Если в пифагорейской эре опера зарождалась постановкой мифической истории Эвридики, то в конце года Феникса в опере преобладало так называемое «веристское», реалистическое направление, в центре которого стоял человек, обреченный на безрадостное существование. У Леонковалло опера приобрела характер реальности деталей земной жизни, а «Тоска» Пуччини стала одним из наиболее драматических произведений реализма. Дальнейший путь музыки «был не столь уж прост и прямолинеен»; в нем «стали проявляться кризисные черты» [Нестьев, 1973, с. 10].
По словам Гудолла, балет Стравинского «Весна священная» стал «зенитом музыкального модернизма в начале ХХ века. Но к 1913 г. эта музыка уже достигла такой точки, что ставила прогрессивно настроенных композиторов симфонической оркестровой музыки перед дилеммой: куда идти дальше? На этот вопрос уже назревали ответы, но ни Стравинский, ни Дебюсси, в 1913 г., не могли даже представить себе, насколько мощными окажутся силы перемен» [Goodall, 2013, p. 136].
Ощущение того, что музыка модернизма (седьмой фазы) зашла в тупик, не покидало и критика В. Каратыгина. Несмотря на его преклонение перед творчеством Скрябина, он образно писал: «Никогда и ни одному композитору не удавалось создавать таких бешеных звуковых вихрей, как Скрябину в “Прометее”. Но эти вихри, как и символизируемые ими экстатические восторги, – стоячие. Скорость вихревого движения огромна. Но вся вихревая система неподвижна».

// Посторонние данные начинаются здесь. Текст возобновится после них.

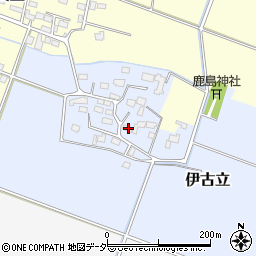 茨城県下妻市伊古立256-2周辺の地図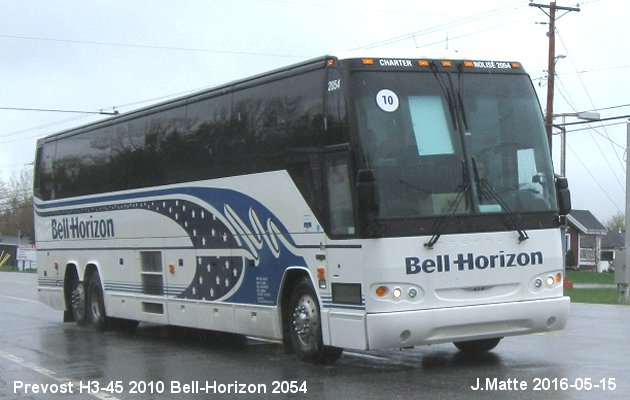 BUS/AUTOBUS: Prevost H3-45 2010 Bell-Horizon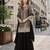 black chinon free size stitched plazzo suit with embroidery work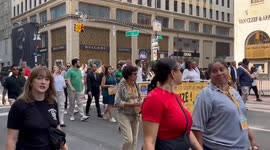 Labor Day Parade and March in New York, NY, USA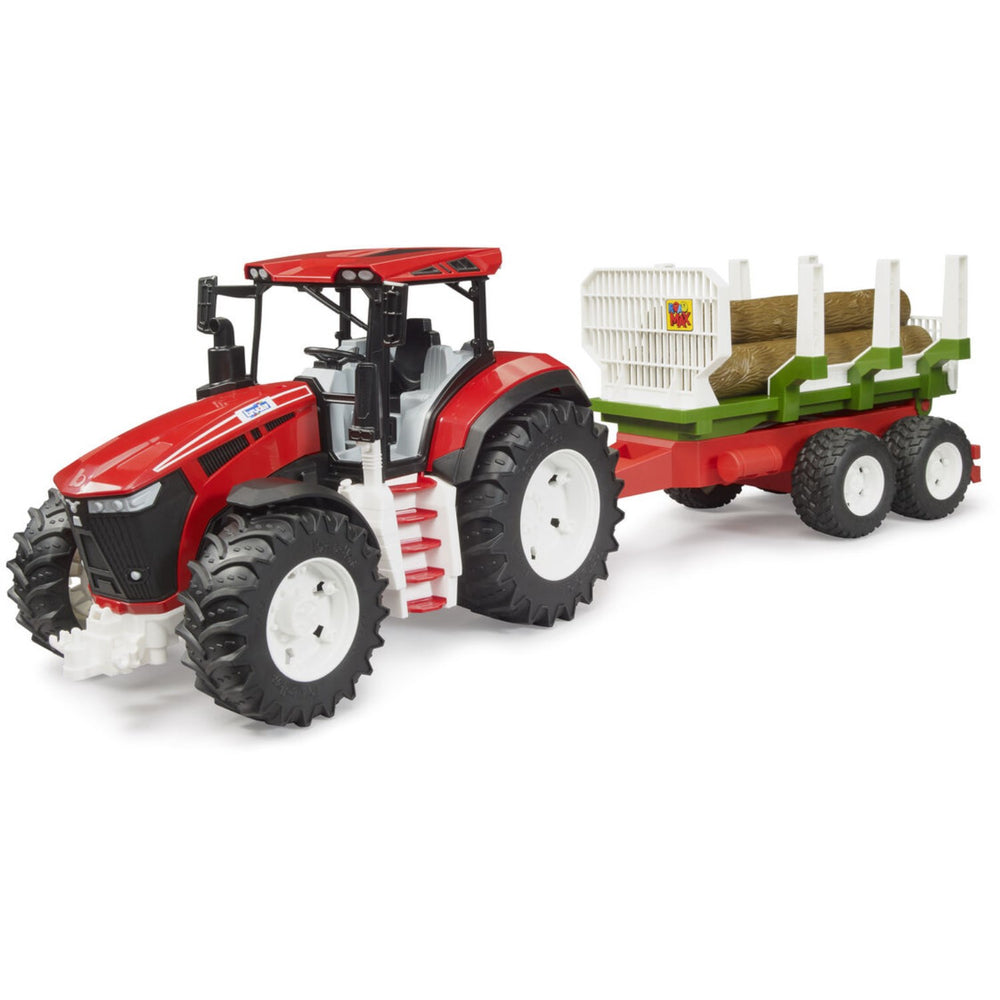 Køb Bruder Roadmax Traktor Med Skovvogn Og 3 Stammer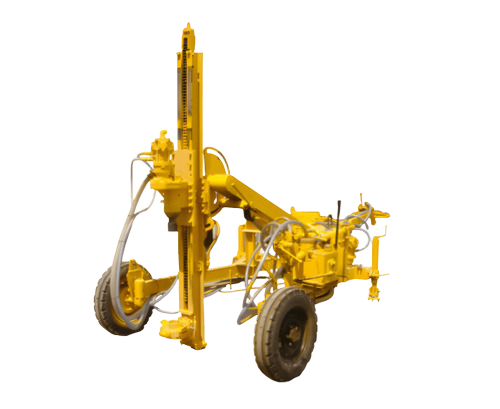 Wagon Drills For Mining Operations - Color: Yellow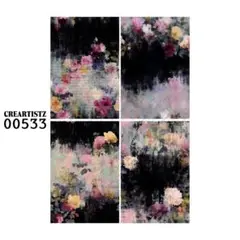 00533 コラージュ素材 12枚 ペーパー/ステッカー CREARTISTZ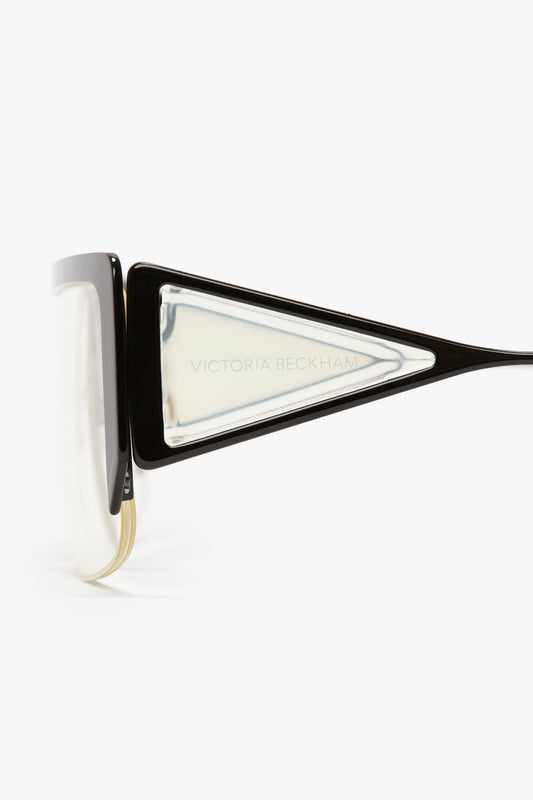 Flat Top Rectangular Opticals In Black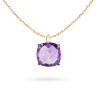 Collier Cesare Pompanon poppy blue Améthyste Or rose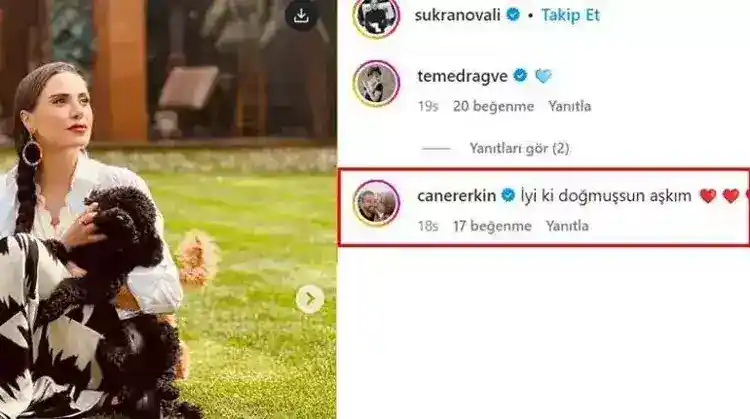660c028209110c6845bb7785 Şükran Ovalı lüks evinin bahçesinde eşi Caner ile yeni yaşını kutladı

Насколько ощутимым был разлом между седьмой фазой уходящего года Феникса и часом Феникса нового года, покажет более детальное сравнение творчества Стравинского и Прокофьева.
Прокофьев был младше Стравинского всего лишь на девять лет, но посреди этого промежутка пролегла линия водораздела между двумя годами Феникса. После «застоя» седьмой фазы, с рождением нового поколения часа Феникса движение возобновилось с троекратной силой. В 1918 г. В. Каратыгин писал о Прокофьеве:
«Он не любит проторенных дорог. Он предпочитает продираться сквозь девственные чащи, уверенной рукой сокрушает лежащие на пути препятствия, ломая крепкие скалы, выкорчевывая деревья, с разбега прыгая через глубоководные и широкие ручьи. <…> Направление прокофьевских стремлений – к солнцу, к полноте жизни, к праздничной радости бытия» [Мартынов, 1974, с. 158].
В отличие от Стравинского, родившегося в седьмой фазе, на закате идей уходящего года Феникса, Прокофьев был звонарем новой эпохи. Примечательно, как ощущал эту разницу между двумя композиторами Б. Асафьев, В 1914 г. он писал в статье «Стравинский и Прокофьев»:
«Сопоставление творчества этих двух талантливейших современных русских музыкантов наводит на мысль о различиях значения музыки того и другого с точки зрения смены идей. Стравинский – последний представитель утонченнейшей и вместе с тем усталой, пресыщенной культуры. <…> В творчестве Стравинского нет движения вперед, а только изощреннейший синтез прежних достижений. Стравинский – весь в прошлом». И он продолжал развивать эту идею:
«Когда слушаешь музыку Стравинского, кажется, что его слово – последнее, что все – достигнуто; дальше идти некуда и бесполезно. И действительно, бесполезно, если идти по пути Стравинского. <…> Но вот появляются сочинения Прокофьева: веет свежестью, бодростью, самоуверенным тоном человека, сознающего свои силы. <…> Создается впечатление, будто бы автор шутит, играет с витающими в его душе звуковыми образами, что за ним много еще недоговорено, что конца не видно его замыслам, и даже предположить нельзя, каковы-то они будут».
Асафьев, родившийся до наступления часа Феникса, смотрел на Прокофьева, как на непостижимую загадку: «Ни в какие рамки не вогнать пока творчества Прокофьева и никакой мерой не измерить – все будет насилием, потому что творчество его в будущем, и судить его надо по его же законам. Теперь же нельзя не верить <…>, что перед нами подлинная, истинная красота, может быть суровая и терпкая для нашего изнеженного вкуса, но от этого не менее приемлемая, чем утонченнейшая ядовитая красота звуковых очарований Стравинского. Мне кажется, что Прокофьев имеет право не только не любить, но даже ненавидеть всю старую культуру, старую музыку. Он обязан верить только в себя, и в этом смысле быть односторонним. В такой односторонности – его сила. Потому что в его творчестве преобладают семена будущей, неведомой нам духовной озаренности».